As far as matting, I made a decision originally to buck the trend of plain white mats. I though I could do better with some colored matting which was chosen to match the photo. So far, my colored mats have outsold my white mats, so my approach would seem to be successful. However, I'm starting to think there is a problem with my logic, and that my conclusions are flawed. People that like colored mats are usually going to choose to buy colored mats instead of the white mats, so that explains why those sell. However, the people that do NOT like colored mats probably just walk right out without realizing that I also offer them in white. In addition, even if they do look through and see the white mats, the plain white, single layered mats aren't all that nice looking, so that might not agree with them either.

So I'm thinking about a few options here. The first option is to find a nice looking white or off white that has some type of a subtle texture or pattern to it, and offering all of my prints in that same color. The other option, is to pick out 4 to 8 nice looking neutral tones (whites, blacks, grays, and browns) and use that for my matting.

I'm not really sure what approach to take here, so it's going to take a bit of playing around to figure it out.


This is a biggie. So far most of my framed prints have been done with cheap & simple aluminum frames (black or silver) bought from Michael's for 40% off. When I started I was thinking simple was better, but now I really don't think it makes all that nice of a display.

I've started to think that the framing really needs to be complementary to the photo itself. Other than my plain, standard frames, I have a set of lighthouse collages that I have displayed in a nice frame that, to me and others I've asked, gives a beachy or nautical feeling that is complementary to the lighthouse subject. Indeed, I've been mildly successful at selling these photos framed.

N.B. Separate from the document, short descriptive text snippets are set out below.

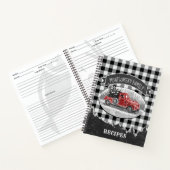 クリスマスヴィンテージトラックブラックバッファロープレイドレシピ ノートブック (内部)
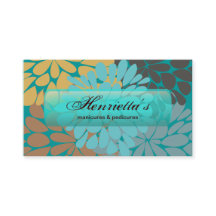 Gouden Turquoise Abstracte Bloemen Fine Art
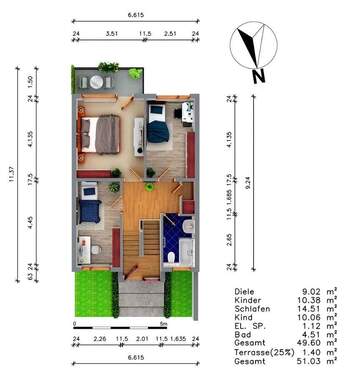 Obergeschoss - 
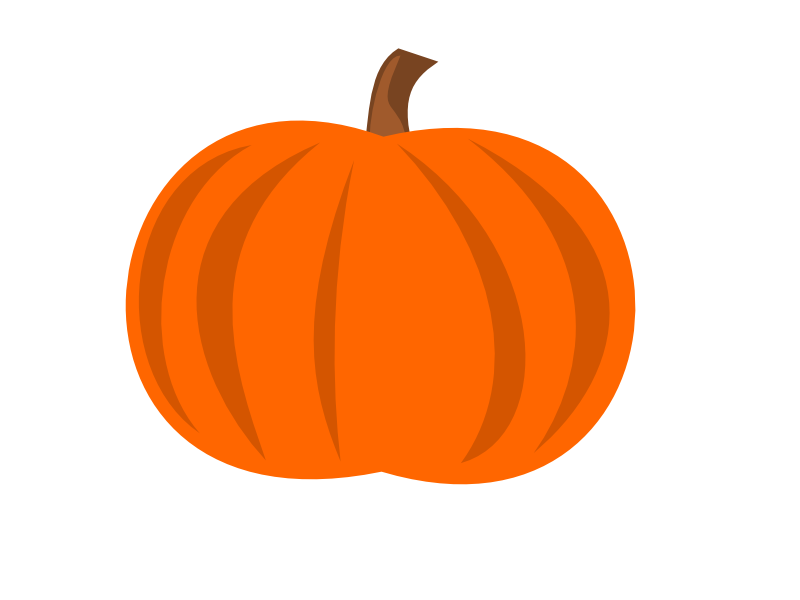 Clipart - Plain Pumpkin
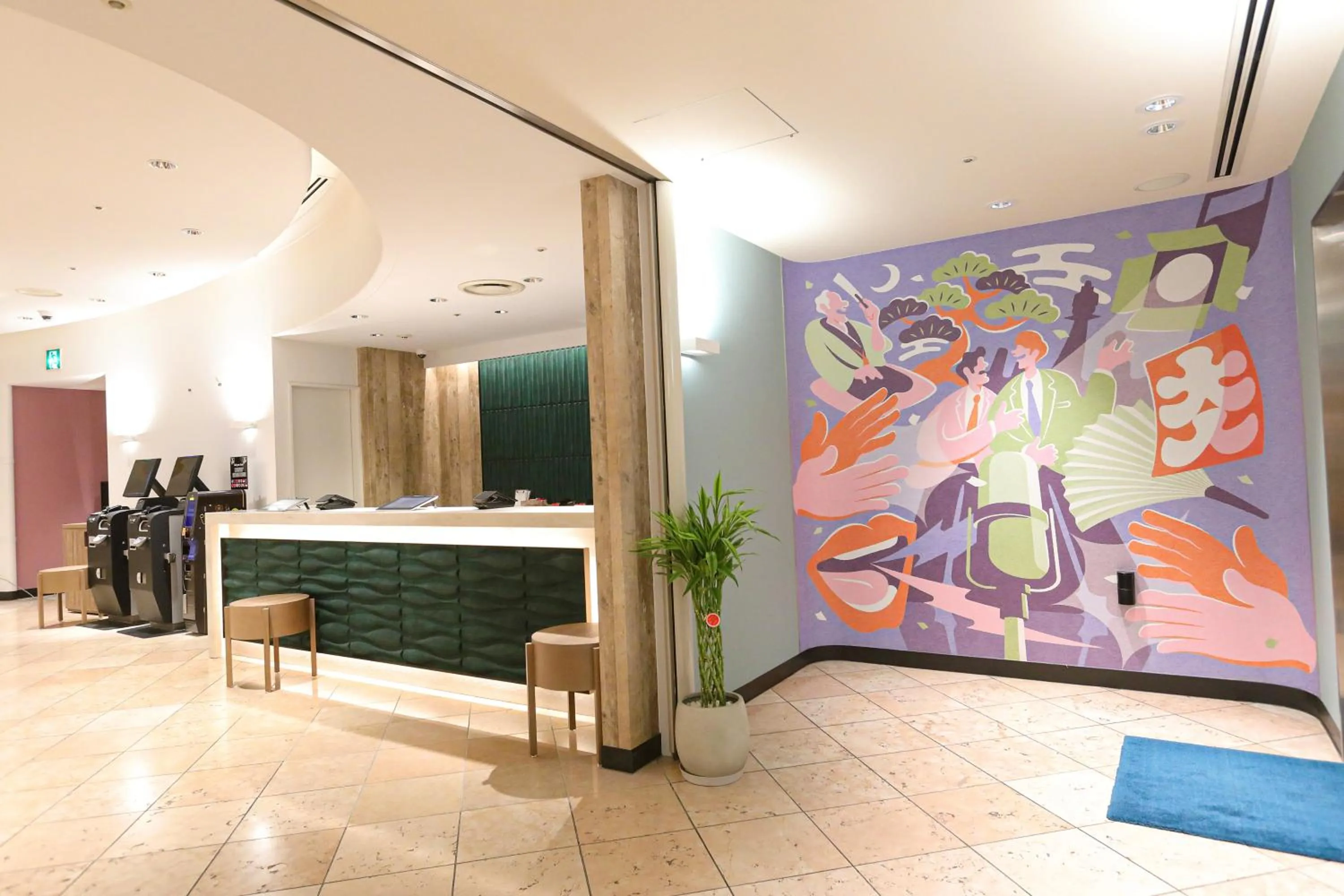 Lobby or reception in Hiyori Hotel Osaka Suminoekoen Station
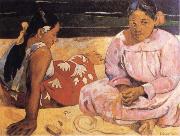 Paul Gauguin Tahitian Women oil painting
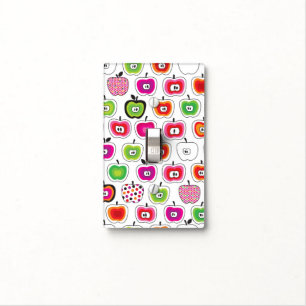 Cute retro apple pattern light switch cover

In addition, I've been looking around at the shows I was in and a couple other shows. I found a few other artists doing VERY well, and the first thing I really noticed was how well their framing matched their subject matter. One artist was selling African wildlife photos, and had some interesting frames. Zebra photos were in frames that had a subtle, stripe-like texture to it. Elephant photos were framed with roughly textured frames, much like an elephant's skin. Iridescent blue birds were in frames that had a thin, iridescent blue stripe embedded in the wood. Most of the frames gave that feeling. Another artist I checked out recently was selling old world European photos in very luxurious looking frames. They were incredibly eye catching, yet not at all distracting from the photo. They looked like they'd be right at home in a million dollar house.

Another benefit to redoing my frames is that I can switch things up a bit. First, I've had several photos on display that have sold nothing (or maybe just 1 print). I'd like to switch up those photos, and maybe get a display of more cohesive photos. In addition, the majority of my framed photos are in a different size than the mat sizes I sell. My mat sizes are all 8x10, 11x14, and 16x20, but the majority of the framed sizes are 12x16 (with a couple of the other sizes thrown in). This creates a minor problem in that people usually see the 12x16 and 11x14 as being the same size, and pointing out the difference just seems to cause confusion.

So now, in the last week, I've started seriously looking around online at different frame vendors to see what they carry. By the end of the month, I plan to start ordering frame samples, and hopefully by the end of October I'll start the process of ordering larger prints and frames to match.

Other Improvements

There's a lot of other small details to work on over the fall and winter. I'd like new pricing cards for the framed prints, nicely printed and laminated, displaying photo title, a short description, and a list of sizes and prices.

I need to find a better way of doing the mailing list signup. Right now I just have a signup sheet on a clipboard, and if I don't ask people to signup (which I don't do very often) they don't even notice it.

I'd like to have a work desk for behind my booth so that I can do my work back there instead of the shelf at the front of the booth. This will give me a few advantages. First, removing the shelf from the booth will give me a little extra wall space. Second, I wont have to turn my back on the entire booth to write up a sale. Third, I can keep my sales slips, tools, accessories, bags, etc in there, and more organized, instead of having them all tucked away in a few Rubbermaid containers. Overall, it will hopefully make me more organized.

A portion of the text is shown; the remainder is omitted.